Neuss (NGZ). Heute beginnt bei den olympischen Winterspielen in Vancouver der Curling-Wettbewerb. Wer keine Ahnung hat, was die Sportler mit ihren Feudeln auf dem Eis treiben, sollte die Internetseite von Markus Sticker besuchen.
Ob Markus Sticker zu Hause ungern feucht durch wischt, ist nicht bekannt. Aufs Eis hat sich der Neusser bislang jedenfalls nur einziges Mal mit einem "Feudel" gewagt. Die private Trainingsstunde bei Curling-Bundestrainer Oliver Axnick ist dem 50-Jährigen in Erinnerung geblieben: "Dieser Sport", sagt er, "kommt im Fernsehen immer so harmlos rüber. Dabei steckt hinter dem ganzen Schieben und Wischen richtig harte Arbeit – körperlich und vor allem mental."
Wischen beeinflusst die Laufbahn
Curling ist seit den Winterspielen 1998 in Nagano eine olympische Sportart. Zwei Mannschaften zu je vier Spielern versuchen, ihre ufo-artigen Curlingsteine näher an den Mittelpunkt eines Zielkreises auf einer Eisbahn zu schieben als die gegnerische Mannschaft – ähnlich wie beim Boccia-Spiel. Durch das Wischen des Eises mit einem Besen kann die Laufbahn des Steins – Länge und Richtung – beeinflusst werden. Markus Sticker sagt: "Das wirkt oft skurril, ergibt aber Sinn."
Auf der zweisprachigen (Deutsch und Englisch) Internetseite www.curlingsbasics.com, die vom Deutschen wie vom internationalen Curling-Verband unterstützt wird, erklärt der Neusser Computer-Spezialist, der eigentlich im öffentlichen Dienst arbeitet, was wie und warum beim Curling funktioniert. Die Besucher können in einer alphabetischen Stichwortliste nach Antworten suchen, oder ihre Fragen direkt an Sticker richten. "Was ich nicht selber beantworten kann, leite ich direkt an die Leute beim Deutschen Curling-Verband weiter", sagt er. "Mit Bundestrainer Oliver Axnick und Nationalspieler Holger Höhne stehe ich in engem Kontakt."
Bei den olympischen Winterspielen in Turin im Jahr 2006 wurden auf Stickers Internetseite jedenfalls innerhalb von zwei Wochen mehr als 500 000 Besuche verzeichnet.

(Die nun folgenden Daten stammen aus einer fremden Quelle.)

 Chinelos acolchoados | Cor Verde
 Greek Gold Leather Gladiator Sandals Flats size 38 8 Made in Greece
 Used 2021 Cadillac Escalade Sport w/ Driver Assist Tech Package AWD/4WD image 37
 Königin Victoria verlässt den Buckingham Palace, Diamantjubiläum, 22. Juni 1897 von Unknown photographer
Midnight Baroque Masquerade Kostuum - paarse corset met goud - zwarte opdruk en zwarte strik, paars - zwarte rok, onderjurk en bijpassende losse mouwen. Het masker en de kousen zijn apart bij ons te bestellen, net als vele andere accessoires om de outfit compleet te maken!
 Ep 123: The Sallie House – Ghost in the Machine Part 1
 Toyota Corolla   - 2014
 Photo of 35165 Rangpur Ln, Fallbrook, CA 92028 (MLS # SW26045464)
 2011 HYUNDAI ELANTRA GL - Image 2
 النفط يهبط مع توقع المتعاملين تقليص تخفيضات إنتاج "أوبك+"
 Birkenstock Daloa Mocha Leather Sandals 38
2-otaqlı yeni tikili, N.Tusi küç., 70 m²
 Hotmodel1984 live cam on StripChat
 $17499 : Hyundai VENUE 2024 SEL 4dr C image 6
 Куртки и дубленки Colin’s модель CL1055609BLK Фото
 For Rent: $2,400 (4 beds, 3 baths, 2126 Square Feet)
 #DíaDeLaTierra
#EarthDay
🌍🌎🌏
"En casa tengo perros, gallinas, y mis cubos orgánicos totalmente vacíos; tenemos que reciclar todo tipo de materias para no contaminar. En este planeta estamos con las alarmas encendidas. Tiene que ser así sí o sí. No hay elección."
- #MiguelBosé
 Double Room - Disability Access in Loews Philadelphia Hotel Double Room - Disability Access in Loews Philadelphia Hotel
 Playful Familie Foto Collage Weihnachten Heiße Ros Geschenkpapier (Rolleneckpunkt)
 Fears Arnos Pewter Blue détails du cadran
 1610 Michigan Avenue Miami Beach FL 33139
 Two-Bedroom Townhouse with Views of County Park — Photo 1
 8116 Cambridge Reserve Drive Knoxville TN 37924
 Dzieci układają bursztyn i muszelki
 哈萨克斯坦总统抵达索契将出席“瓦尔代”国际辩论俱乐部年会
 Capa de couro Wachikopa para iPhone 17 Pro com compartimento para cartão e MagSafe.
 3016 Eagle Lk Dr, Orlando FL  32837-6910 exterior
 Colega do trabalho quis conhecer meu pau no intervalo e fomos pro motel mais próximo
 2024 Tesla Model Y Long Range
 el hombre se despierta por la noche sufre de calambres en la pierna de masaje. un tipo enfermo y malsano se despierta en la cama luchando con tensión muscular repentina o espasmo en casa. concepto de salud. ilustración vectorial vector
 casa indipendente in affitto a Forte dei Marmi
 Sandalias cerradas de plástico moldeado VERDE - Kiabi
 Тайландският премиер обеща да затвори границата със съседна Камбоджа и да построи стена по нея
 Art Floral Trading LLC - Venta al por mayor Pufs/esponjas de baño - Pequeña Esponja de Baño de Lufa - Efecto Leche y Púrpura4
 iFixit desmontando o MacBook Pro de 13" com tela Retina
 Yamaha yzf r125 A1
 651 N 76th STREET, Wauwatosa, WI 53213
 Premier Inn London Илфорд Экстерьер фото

Damals, glaubt Sticker, sei auch bei den Deutschen vorübergehend so etwas wie eine Curling-Begeisterung ausgebrochen. "Eigentlich", sagt er, "ist der Sport aber eher in Kanada, Schottland, Skandinavien und in der Schweiz populär.
Das "Recht des letzten Steins"
Seine eigene Leidenschaf für das Spiel entdeckte der 50-Jährige 2001, als seine Tochter Mitglied im Düsseldorfer Curling Club war. "Ich hab' mir das nötige Fachwissen angelesen und auf eigene Faust eine Seite ins Netz gestellt", erinnert sich Sticker. "Der Deutsche Curling-Verband kam daraufhin auf mich zu. Seinerzeit gab es noch keinen professionellen Internet-Auftritt."
Was Curling-Zuschauer auf jeden Fall kennen sollten, findet Sticker, sei das "Recht des letzten Steins". "Es ermöglicht einem Team, am Schluss noch einen Punkt zu erzielen. Im Spielverlauf hat immer diejenige Mannschaft das Recht, die den vorherigen Spielabschnitt – End genannt – verloren hat. Curling ist eben ein vornehmlich taktisches Spiel."